What Republicans Get Wrong About Minimum Wage

Last month, the Congressional Budget Office released a 30+ page report on the effects of a proposed $15 minimum wage. Surprisingly, both Democrats and Republicans claimed the story as a victory, which may be the first bipartisan moment of 2019. For the GOP, the rebuttal to the minimum wage is that if we raise wages, it will be expensive for businesses and people will be laid off. Republicans cite the CBO report, which found that between 0-3.7 million people could lose jobs (with the most likely amount being around 1.3 million), as validation for their fears. While no argument is waterproof, the GOP's unemployment scaremongering is full of holes.

The Jobs Lost Aren't Primary Income

Rep. Virginia Foxx (R-NC) of the Labor and Education committee told reporters that the CBO's report is "unacceptable β€” one job lost is one too many." State and national-level republicans echoed this sentiment, with some democrats even jumping on the bandwagon.

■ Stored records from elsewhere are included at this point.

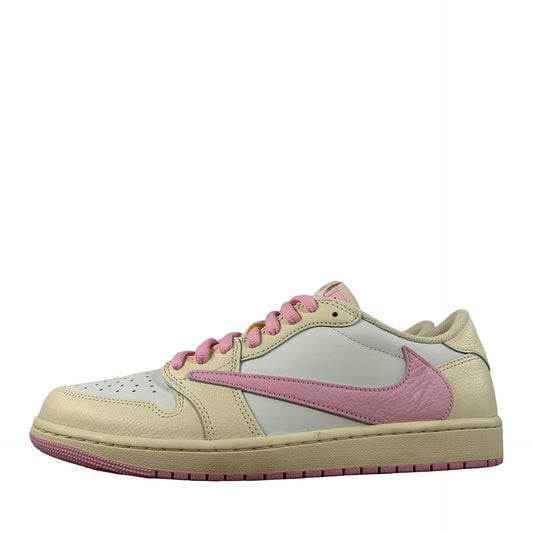 IQ7604 100 Jordan 1 Retro Low OG SP Travis Scott Shy Pink [USED] - 10.5 M (Used)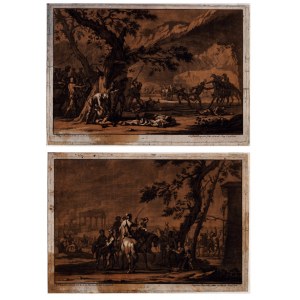 Christian Rugendas (1708 - 1781), Battles, after Georg Philipp Rugendas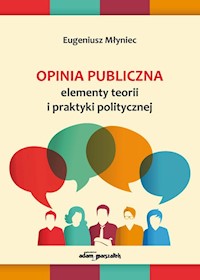 Opinia publiczna - Młyniec Eugeniusz - książka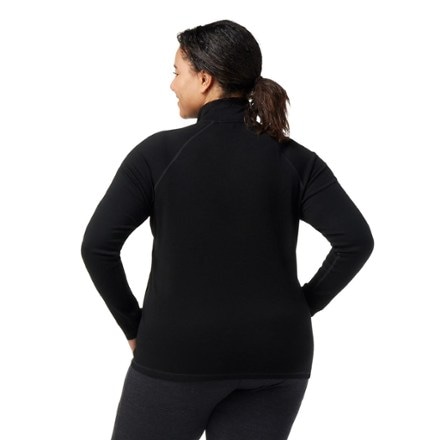 Smartwool Classic Thermal Merino Quarter-Zip Base Layer Top - Women's 2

However, GOP and Blue-Dog attacks on the $15 minimum wage ignore critical findings within the Congressional Budget Office's report. Those like Foxx focus on one figure: 1.3 million people may their job should Raise the Wage Act become law. However, they omit two key facts. First, nearly half of all those who lose their jobs would be teenagers. The majority of these jobs are summer or part-time and thus do not provide significant income in the first place. In the (albeit unlikely) case that the money earned in these positions is vital, exemptions to a raised minimum wage for teenagers exist and could be implemented on a national scale. Exemptions may encourage employers to retain teenage workers, allowing young people to continue earning wages. Second, teenagers included, the vast majority of the 1.3 million are part-time workers. Part-time jobs are frequently supplemental income sources, and many of them are addendums to a primary income source. For example, you could have a career as a waitress in addition to being an office clerk. Therefore, losing your job wouldn't be a death sentence. Raising the minimum wage is predicted to grow overall wages as well, balancing out the risks associated with losing a part-time job. Even more importantly, being in-and-out of work is not abnormal for those in part-time jobs: Nearly 20% of part-time workers lose their jobs each month. These critical gaps in the conservative's analysis indicate that these 1.3 million individuals would not lose vital income. 

The CBO isn't foolproof

All this analysis assumes that the CBO's report itself is accurate; It may not be. Researchers from the University of California at Irvine concluded that there is no indication a national minimum wage of $15 will lead to long term rises in unemployment. A paper from Berkeley (which, by the way, wasn't included in the CBO aggregate because it came out in July), had the same findings. A widely read meta-analysis in the Journal of Quarterly Economics concluded that "We also find no evidence of disemployment when we consider higher levels of minimum wages." While the CBO is a credible, trustworthy institution, a myriad of studies appears to contradict it, indicating that the arguments about unemployment hold even less water than before.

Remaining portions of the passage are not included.